The cache control unit may check whether the content is stored in the cache when a request for File_read of the content is received, and extract the content stored in the cache and transfer the extracted content to the file system function processing unit when the content is stored in the cache.
The protocol matching unit may find the content in an information-centric network and transfer the found content to the file system function processing unit when the content is not stored in the cache.
The system may further include an authentication processing unit configured to determine whether the requested content is effective and determine address information of a node at which the requested content is positioned when the requested content is effective.
The authentication processing unit may check whether the requested content corresponds to a content distributed to the information-centric network by referring to a registry that manages the position of the content, and read, from the registry, the address information of the node at which the requested content is positioned when the requested content is the distributed content.
Another exemplary embodiment of the present invention provides an operating method of a virtual file system for interworking between a content server and an information-centric network server, the method including: receiving an authentication request of a content file through a file operation OPEN(File) from the content server; inquiring of a registry whether a requested content is an effective content issued in an information-centric network by using a content transmission identifier (ID) extracted from the authentication request of the content file, and positional information of the content; and receiving the positional information of the content from the registry when the requested content is the effective content.
The method may further include storing the positional information of the content.
Yet another exemplary embodiment of the present invention provides an operating method of a virtual file system for interworking between a content server and an information-centric network server, the method including: receiving a request of a content file through a file operation READ(File) from the content server; checking whether a requested content file is present in a cache of the virtual file system; and transmitting a response including content file information to the content server when the requested content file is present in the cache.
The method may further include configuring a packet INTEREST for acquiring the requested content file information and transmitting the packet INTEREST to the information-centric network when the requested content file is not present in the cache.
The packet INTEREST may be configured by a chunk unit which is a data piece unit operated in the information-centric network.
The packet INTEREST may be configured by using address information of a node to which a requested content is distributed, and transmission identifier information and sub identifier information of the requested content.
The transmission identifier information and the sub identifier information may be extracted from the file operation READ(File) received from the content server.
The sub identifier information may include first sub identifier information regarding bitrate information representing the quality of the content and second sub identifier information which is an identifier of the chunk unit.
The second sub identifier information may be extracted in accordance with sub_id_—2=floor(x/M) to floor((x+sz)/M), and sub_id_—2 may represent the second sub identifier information, x may represent offset information of a content file, sz may represent the size of a content file to be read, and M may represent a chunk size of the information-centric network.
According to the exemplary embodiments of the present invention, various users' content service protocols may be used and a content network may be interworked through the same interface while being shared by multiple service providers. Accordingly, even when a new content service protocol or a new service provider shares the content network, separate protocol conversion is not required, thereby providing high extensibility.
The foregoing summary is illustrative only and is not intended to be in any way limiting. In addition to the illustrative aspects, embodiments, and features described above, further aspects, embodiments, and features will become apparent by reference to the drawings and the following detailed description.
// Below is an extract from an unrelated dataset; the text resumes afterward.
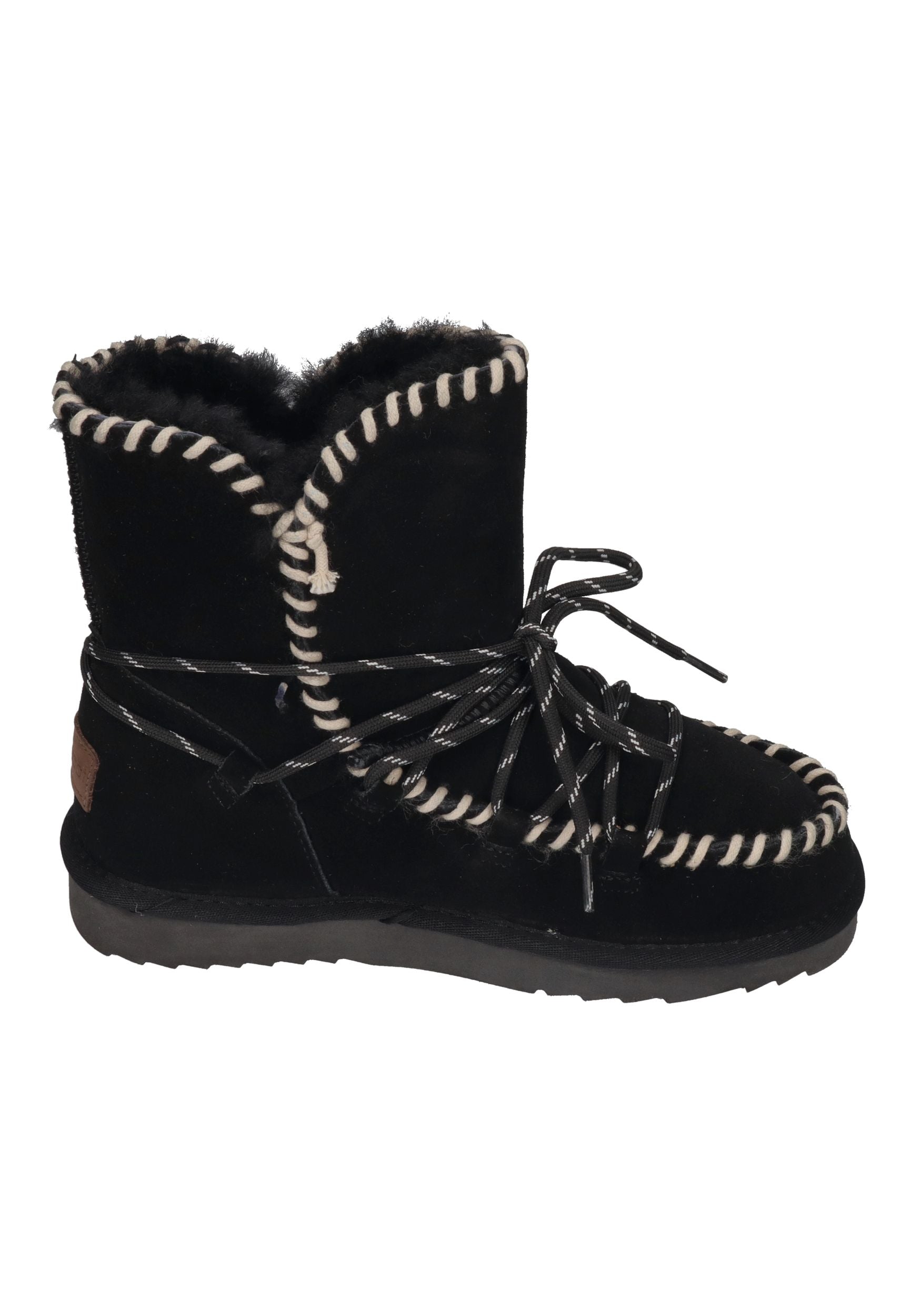 WARMBAT Damenstiefel Boot WATURRA black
BRIEF DESCRIPTION OF THE DRAWINGS

FIG. 1 is a conceptual diagram of an information-centric network.

FIG. 2 illustrates one example of protocol interworking using a virtual file system according to an exemplary embodiment of the present invention.

FIG. 3 illustrates a configuration of the virtual file system according to the exemplary embodiment of the present invention.

FIG. 4 illustrates an operating method of a virtual file system in accordance with File_open according to an exemplary embodiment of the present invention.

FIG. 5 illustrates an operating method of a virtual file system in accordance with File_read according to an exemplary embodiment of the present invention.

FIG. 6 illustrates an embodiment of the present invention implemented in a computer system.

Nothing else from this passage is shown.